Annette builds her traps in a way that offers vital information to others in the area. She created a technique that involves building a "fisher box," a type of permanent trap that is covered with natural materials. Fisher boxes help to signal to other land users, including industry, that Indigenous people still use the area for traditional purposes.

The furs are collected and processed at the trapper’s cabin and are bundled and sent to a registered dealer. “Indigenous people also barter between themselves using furs, which has been a tradition for centuries,” Annette said. “The furs are used in dress regalia, jewelry, and hair pieces. Nothing is wasted.”

“Our dances are based on storytelling, stories of warriors and hunting,” she adds. “The furs help tell the story of a life we once had.
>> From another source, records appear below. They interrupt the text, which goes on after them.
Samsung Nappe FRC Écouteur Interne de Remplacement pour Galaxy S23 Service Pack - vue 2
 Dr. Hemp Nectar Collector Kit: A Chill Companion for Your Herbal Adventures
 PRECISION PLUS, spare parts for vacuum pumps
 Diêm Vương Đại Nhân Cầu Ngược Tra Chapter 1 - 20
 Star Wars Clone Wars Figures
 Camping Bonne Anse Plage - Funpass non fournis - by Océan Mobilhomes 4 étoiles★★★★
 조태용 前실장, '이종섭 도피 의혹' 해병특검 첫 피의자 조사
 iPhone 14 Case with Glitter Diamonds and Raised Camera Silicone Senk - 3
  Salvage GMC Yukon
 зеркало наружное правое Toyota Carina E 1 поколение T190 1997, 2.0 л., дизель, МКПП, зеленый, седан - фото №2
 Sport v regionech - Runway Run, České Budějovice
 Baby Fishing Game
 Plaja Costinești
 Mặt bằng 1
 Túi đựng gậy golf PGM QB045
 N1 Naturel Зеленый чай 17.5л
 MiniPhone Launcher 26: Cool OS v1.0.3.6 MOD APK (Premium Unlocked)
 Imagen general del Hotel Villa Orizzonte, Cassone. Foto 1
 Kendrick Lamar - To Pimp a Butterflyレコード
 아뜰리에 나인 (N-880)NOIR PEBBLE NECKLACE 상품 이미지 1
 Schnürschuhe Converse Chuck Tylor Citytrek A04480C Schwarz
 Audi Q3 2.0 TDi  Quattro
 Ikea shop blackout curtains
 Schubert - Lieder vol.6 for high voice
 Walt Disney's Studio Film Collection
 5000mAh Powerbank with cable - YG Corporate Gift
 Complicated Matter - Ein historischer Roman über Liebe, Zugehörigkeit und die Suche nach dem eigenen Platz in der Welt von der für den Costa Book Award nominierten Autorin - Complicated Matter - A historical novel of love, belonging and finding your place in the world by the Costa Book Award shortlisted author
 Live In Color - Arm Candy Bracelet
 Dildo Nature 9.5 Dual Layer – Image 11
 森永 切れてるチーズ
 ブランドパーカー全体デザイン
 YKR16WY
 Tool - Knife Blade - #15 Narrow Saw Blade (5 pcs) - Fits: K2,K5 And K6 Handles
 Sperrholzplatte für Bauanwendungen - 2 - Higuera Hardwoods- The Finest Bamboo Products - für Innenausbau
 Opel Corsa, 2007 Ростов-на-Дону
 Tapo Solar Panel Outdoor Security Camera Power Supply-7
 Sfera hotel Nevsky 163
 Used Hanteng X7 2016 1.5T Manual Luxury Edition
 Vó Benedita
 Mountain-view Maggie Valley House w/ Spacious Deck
Being able to display and wear our furs is also about truth and reconciliation; it's connecting us with our past.”

-  Annette Hobart, specialist, Regional Engagement.

Trapping is an important activity to transfer culture between elders and youth, and there are several campaigns that strive to preserve the tradition. The Government of Canada’s United Nations Declaration on the Rights of Indigenous Peoples Act – Action Plan is working to expand trapping rights. And, Alberta Health Service's Honouring Life Indigenous Health program has funded programs to train Indigenous youth in trapping. These initiatives expand access to trapping while also preserving traditional knowledge.

Annette sharing her trapping knowledge with a student.
Annette sharing her trapping knowledge with a student.

Annette works hard to educate young people about trapping. “We go out to the schools, and we talk about trapping and what sustainable trapping looks like. My husband and I have the skill set and we’re willing to share our knowledge. That’s huge to me.”

Trapping has made Annette an advocate for the outdoors.

“I have been able to see things that most people would never imagine witnessing. I’ve seen the birth of a baby deer, and I’ve enjoyed my lunch beside a river otter who sat with me. I’m embedded in my trapline,” she says.